#MentalHealthPH: Reaching out to people who cry for help


Nikko and I met in 2012.

We were both participants in an exchange program attended by youth from different ASEAN countries. We cruised around Southeast Asia for two months. Being enclosed in just one ship and having nowhere else to go and nobody else to meet, I became really close to the people I met in the exchange program. I became quite close to Nikko, as well. I first met Nikko when we were in a group activity where we learned how to play traditional Brunei martial arts. Nikko was the typical guy with the “mysterious” aura.

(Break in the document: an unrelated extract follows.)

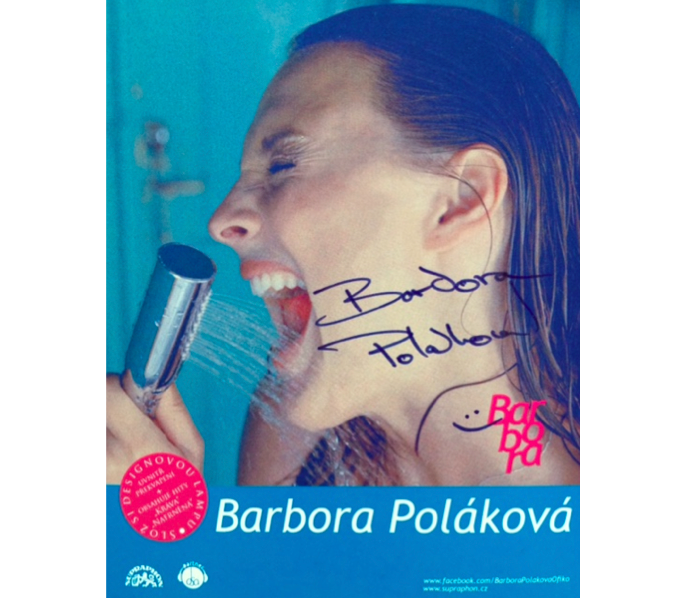 Jak si organizuje čas Barbora Poláková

He was usually quiet, just always observing people. Later on, we were partnered to practice some martial arts moves. We started talking and, being the friendly (and sometimes nosy) person that I am, we later on became good friends. I learned about a lot of things about his personal life through conversations over meals, or when we were just hanging out with friends. One day, the two of us were having one of those conversations about just anything. I vaguely remember what we were talking about then but this one is clear– he told me that he would never be happy again; that he tried to kill himself once but failed; that at one point of his life, he decided to just end it all.

I was dumbfounded.

My brain failed me and all that I managed to do was to look at him in the eye. I didn’t muster enough courage to say anything for a long while. I couldn’t ask why he did it. I didn’t think I had to (or, should) ask why. I didn’t even know if I should have asked that question. I waited for him to tell me more, but he didn’t. All I did was stay with him until we were called to attend another activity.

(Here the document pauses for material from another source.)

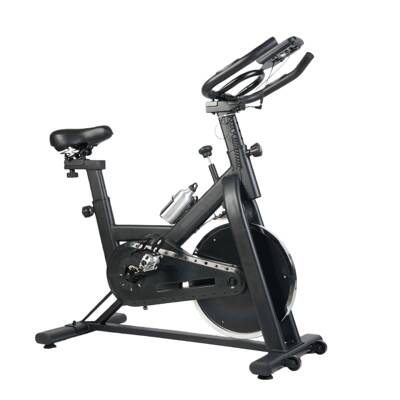 家用健身车新款商用室内运动健身单车健身房脚踏磁控动感单车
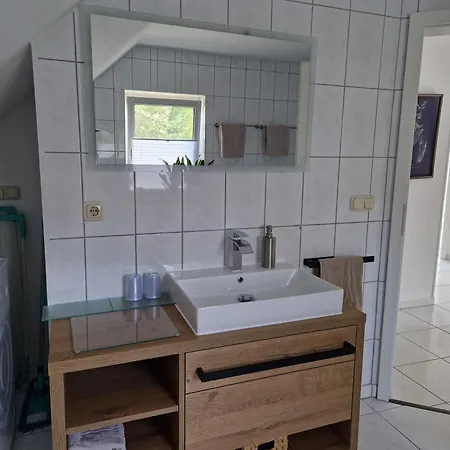 An Der Karlskuppe Apartmán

We never talked about it again.

The exchange program ended.

He went back to his country, and I went back to the Philippines. We still kept in touch through Facebook and Line but the conversations grew less and less.

November 18, 2015.

One of our common friends was calling me.

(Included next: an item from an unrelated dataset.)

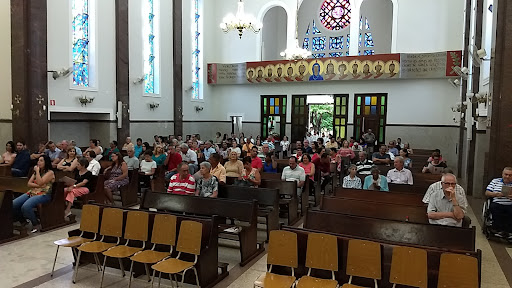 Paróquia Nossa Senhora Aparecida Paróquia Nossa Senhora Aparecida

Nikko committed suicide. He was gone.

I was guilty. I regretted even though I was not sure what exactly I was regretting. I could have done more, maybe, but I cannot really say that I did anything less. Admittedly, I was angry, too. That’s the thing with suicide. There will always be two conflicting interests – those of the leaving and those of the left behind. Maybe he felt that taking his life was his best option at that time. Maybe it was his only choice. But can you blame me for thinking that he was mistaken, that he had us, and that no matter what it was he was facing, we were there to help him get through it? Can you blame me for just wanting him to hold on?

Our last conversation over Facebook was about this song, https://soundcloud.com/rory-viner

Could I have guessed he was crying for help? But if I’ve known, what could I have done to make him stop?


World Health Organization reports over 800,000 people die by suicide each year– that’s one person every 40 seconds. Up to 25 times as many again make a suicide attempt. In the Philippines, the estimated number of suicides in 2012 was 2,558 (550 female, 2009 male).

This means that many, many more people who have been bereaved by suicide or have been close to someone who has tried to take his or her own life.

In line with this year’s theme for the World Suicide Prevention: Connect, Communicate, Care. Let’s talk about suicide, the second leading cause of death globally among people 15 to 29 years of age.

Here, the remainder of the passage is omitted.